Sergei Roldugin, a close friend of Vladimir Putin and an inexplicably wealthy musician, gave a performance in Palmyra in May after the ancient city was liberated from Islamic State control. Beyond simply a celebration of Russian success in the military response to Isis, the spectacle could be interpreted as a public display of the president’s continued affection for the cellist, despite all that offshore awkwardness that exposed Roldugin’s links to Putin’s hidden fortune. Isis was reported to have retaken the city early this month.
At the time the Panama Papers were published, Ukip financier Arron Banks was having a jolly time campaigning for Britain to leave the European Union and wasn’t about to let journalists spoil his fun by reporting on PRI Holdings Limited.
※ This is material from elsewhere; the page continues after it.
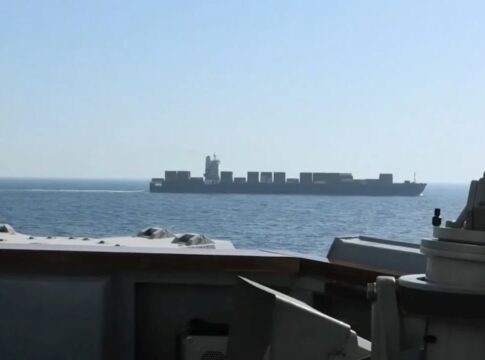 Irankrieg: U.S. Marines entern iranisches Containerschiff 11 Das iranische Containerschiff Touska von Bord des Zerstörers USS Spruance aus gesehen vor der Enterung durch U.S. Marines.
PRI Holdings? Nothing to do with me! You’ll be hearing from my lawyers, sir!
Banks later published a sort of self-congratulatory EU referendum diary, in which his entry for 5 April 2016 suggests that this steadfast denial might not have been entirely accurate.
“At first I denied having anything to do with it as it just didn’t ring any bells,” he explained. “However, I got someone at the office to look into it and discovered that we did actually use a law firm to set up a couple of companies for a project that didn’t end up happening.” Banks was “thousands of miles away on a boat in the British Virgin Islands” at the time, where it’s probably quite easy to forget about offshore companies.
The then prime minister’s four days of April prevarication over how to respond to the discovery of his father’s offshore fund in the Panama Papers was widely described as his “worst week ever”, which seems naive, post-everything else in 2016, but felt reasonable at the time.
In his rushed-out political memoirs, Cameron’s media adviser Craig Oliver revealed that he was worried the PM might have to resign over the scandal, and that Cameron had also invested “in something called the Vietnamese Enterprise Fund”. Oliver describes a remarkably chaotic press operation, with the Camerons spending hours on the phone with accountants and Oliver not actually discovering the PM had owned offshore shares until two days after the story first broke.
Mossack Fonseca, the offshore services firm at the centre of the entire scandal, continues to operate. The British Virgin Islands, where it incorporated most of its clients’ companies, administered a “record” fine of just under $500,000 (£404,000) and cheerfully allowed them to continue incorporating new shell companies.
However, the firm, which continues to insist it did nothing wrong, has had nine of its offices around the world, including in Jersey, Guernsey and the Isle of Man, closed down. Several of its staff have been arrested, including one junior Venezuelan employee currently being held in a military prison in Caracas.